Field of the Invention
One or more embodiments of the present invention relate to a positive active material for a lithium secondary battery, a method of preparing the same, and a lithium secondary battery including the positive active material.
Description of the Related Art
Representative rechargeable secondary batteries are lead-acid batteries, nickel hydrogen batteries, lithium secondary batteries, and the like. In particular, lithium secondary batteries have no memory effect in which they may lose energy capacity if charged when not fully discharged, have a high energy density per unit weight because Li is the lightest of all metals, have an electromotive force of 3.6 V, which is three times greater than that of nickel-based batteries, and are easily miniaturized. Due to these characteristics, lithium secondary batteries are widely used in mobile products, notebooks, electric tools, and the like, and are also expected to be used in hybrid electric vehicles (HEVs) in the future.

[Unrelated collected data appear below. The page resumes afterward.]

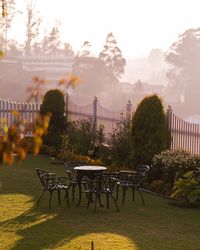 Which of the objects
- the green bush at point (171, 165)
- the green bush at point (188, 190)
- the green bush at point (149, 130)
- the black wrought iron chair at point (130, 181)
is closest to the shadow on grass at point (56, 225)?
the black wrought iron chair at point (130, 181)

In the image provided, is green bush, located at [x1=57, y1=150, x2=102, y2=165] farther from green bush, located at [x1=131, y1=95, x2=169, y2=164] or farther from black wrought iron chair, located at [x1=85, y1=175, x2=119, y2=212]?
black wrought iron chair, located at [x1=85, y1=175, x2=119, y2=212]

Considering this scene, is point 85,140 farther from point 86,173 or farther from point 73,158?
point 86,173

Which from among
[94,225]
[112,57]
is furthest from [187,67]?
[94,225]

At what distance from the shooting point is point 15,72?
8431 centimetres

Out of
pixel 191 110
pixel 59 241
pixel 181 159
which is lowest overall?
pixel 59 241

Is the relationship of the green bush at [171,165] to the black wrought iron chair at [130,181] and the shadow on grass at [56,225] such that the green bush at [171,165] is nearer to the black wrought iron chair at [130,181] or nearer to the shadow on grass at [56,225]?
the black wrought iron chair at [130,181]

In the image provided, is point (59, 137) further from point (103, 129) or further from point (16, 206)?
point (16, 206)

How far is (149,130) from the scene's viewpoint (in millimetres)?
13648

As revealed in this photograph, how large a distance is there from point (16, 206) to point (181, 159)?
4.01 m

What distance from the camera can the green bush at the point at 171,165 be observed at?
11387mm

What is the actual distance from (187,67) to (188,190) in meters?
78.8

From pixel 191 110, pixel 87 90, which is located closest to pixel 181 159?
pixel 87 90

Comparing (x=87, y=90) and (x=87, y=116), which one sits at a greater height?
(x=87, y=90)

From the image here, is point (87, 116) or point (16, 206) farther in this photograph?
point (87, 116) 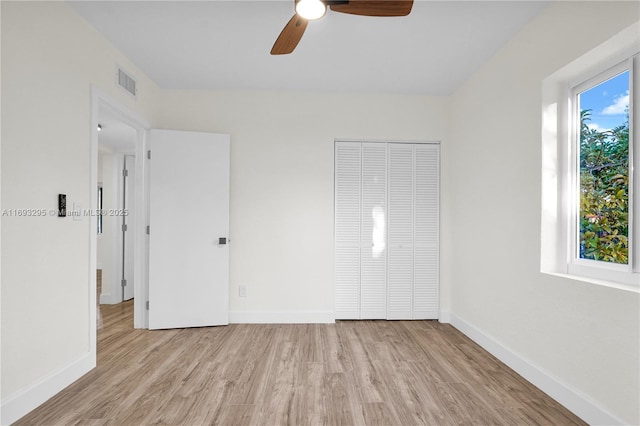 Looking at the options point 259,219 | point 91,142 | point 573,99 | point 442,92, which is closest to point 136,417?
point 91,142

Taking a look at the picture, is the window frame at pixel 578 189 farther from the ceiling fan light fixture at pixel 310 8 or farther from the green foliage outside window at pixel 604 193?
the ceiling fan light fixture at pixel 310 8

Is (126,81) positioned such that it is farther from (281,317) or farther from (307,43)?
(281,317)

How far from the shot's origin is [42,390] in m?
2.05

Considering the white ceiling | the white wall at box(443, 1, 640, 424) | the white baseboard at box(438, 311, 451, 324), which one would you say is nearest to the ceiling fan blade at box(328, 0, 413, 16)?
the white ceiling

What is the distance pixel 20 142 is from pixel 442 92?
3.65 m

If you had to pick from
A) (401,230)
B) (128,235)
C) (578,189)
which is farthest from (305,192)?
(128,235)

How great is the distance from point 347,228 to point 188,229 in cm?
170

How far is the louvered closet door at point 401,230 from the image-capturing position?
3844mm

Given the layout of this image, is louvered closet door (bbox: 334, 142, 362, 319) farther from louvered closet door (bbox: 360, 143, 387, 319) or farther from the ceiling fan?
the ceiling fan

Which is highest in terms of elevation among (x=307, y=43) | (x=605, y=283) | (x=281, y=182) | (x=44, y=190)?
(x=307, y=43)

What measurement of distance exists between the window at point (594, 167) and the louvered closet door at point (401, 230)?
1606mm

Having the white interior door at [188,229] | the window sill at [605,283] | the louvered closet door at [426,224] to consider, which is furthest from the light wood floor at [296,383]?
the window sill at [605,283]

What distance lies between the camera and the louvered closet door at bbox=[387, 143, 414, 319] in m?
3.84

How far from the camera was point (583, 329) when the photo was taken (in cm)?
196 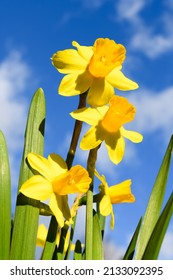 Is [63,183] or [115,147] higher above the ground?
[115,147]

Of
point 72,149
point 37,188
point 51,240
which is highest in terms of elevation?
point 72,149

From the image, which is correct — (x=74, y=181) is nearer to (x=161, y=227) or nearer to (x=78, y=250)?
(x=161, y=227)

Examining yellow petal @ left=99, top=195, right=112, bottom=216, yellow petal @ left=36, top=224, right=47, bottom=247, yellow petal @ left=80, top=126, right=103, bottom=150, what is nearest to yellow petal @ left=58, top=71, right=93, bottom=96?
yellow petal @ left=80, top=126, right=103, bottom=150

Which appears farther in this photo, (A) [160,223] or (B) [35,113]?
(B) [35,113]

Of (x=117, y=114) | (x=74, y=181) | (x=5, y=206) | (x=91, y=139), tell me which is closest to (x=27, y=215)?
(x=5, y=206) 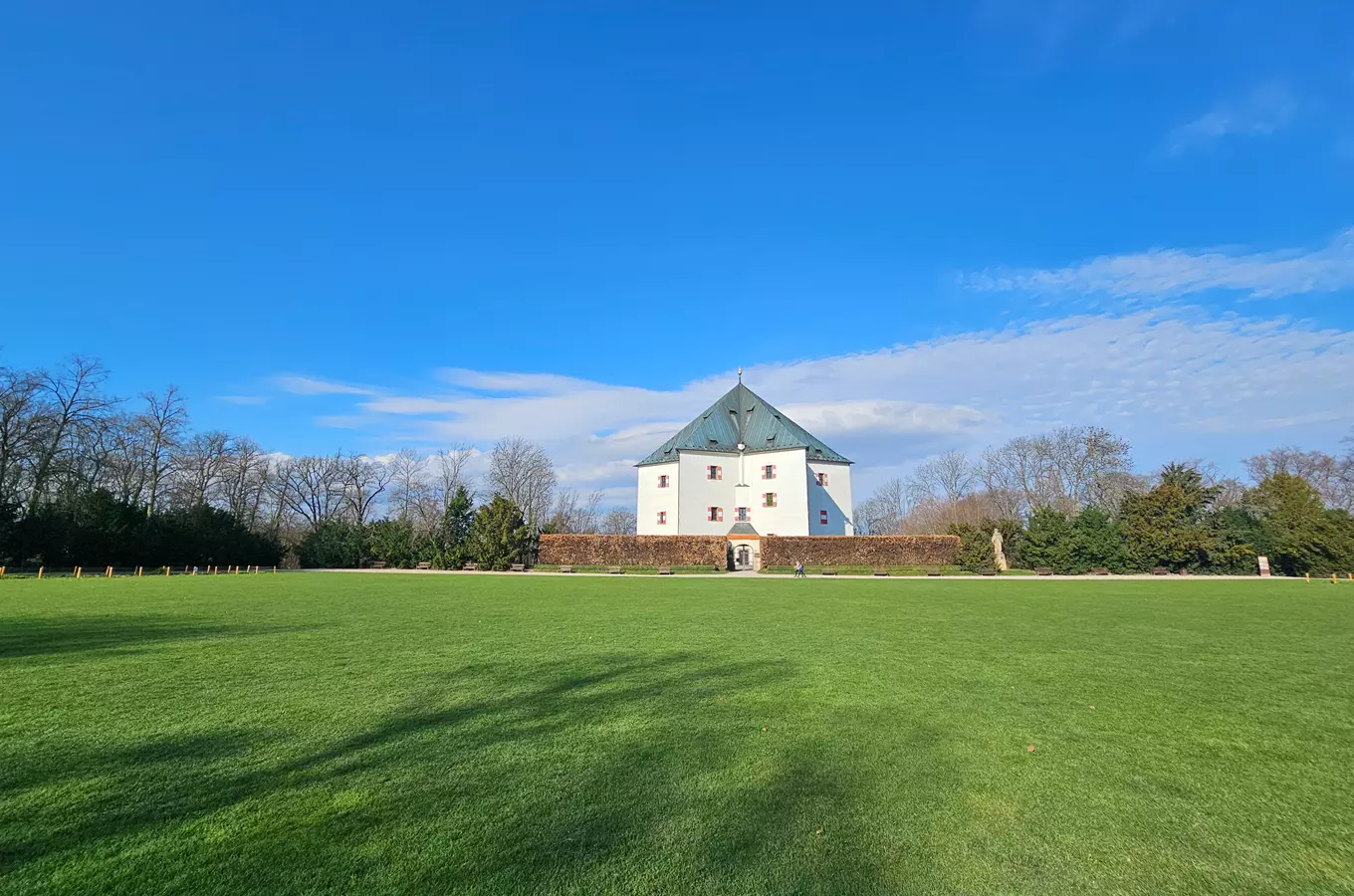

A lithium secondary battery includes a positive electrode, a negative electrode, a separator, and an electrolyte. When the lithium secondary battery is charged, lithium ions are deintercalated from the positive electrode and then move to the negative electrode. On the other hand, when the lithium secondary battery is discharged, lithium ions are deintercalated from the negative electrode and return to the positive electrode, in this regard, the electrodes or the electrolyte do or does not undergo a chemical reaction.
Currently, a lithium cobalt oxide, i.e., LiCoO2 (hereinafter, referred to as “LCO”) is used most widely as a positive active material of a lithium secondary battery. However, due to local distribution and scarcity of cobalt resources, manufacturing costs increase and a stable supply of the cobalt resources is difficult. To address these problems, research into a material for replacing the cobalt material has been actively conducted. A nickel-based composite oxide, such as nickel-manganese-cobalt (NMC), is a candidate material that overcomes the limitations, such as costs, stability, capacity, and the like, of materials, such as LCO, LNO(LiNiO2), or LMO(Li2MnO3), and research into the candidate material has recently been conducted actively.
However, known nickel-based composite oxides have no satisfactory capacity and stability and thus there is still room for improvement.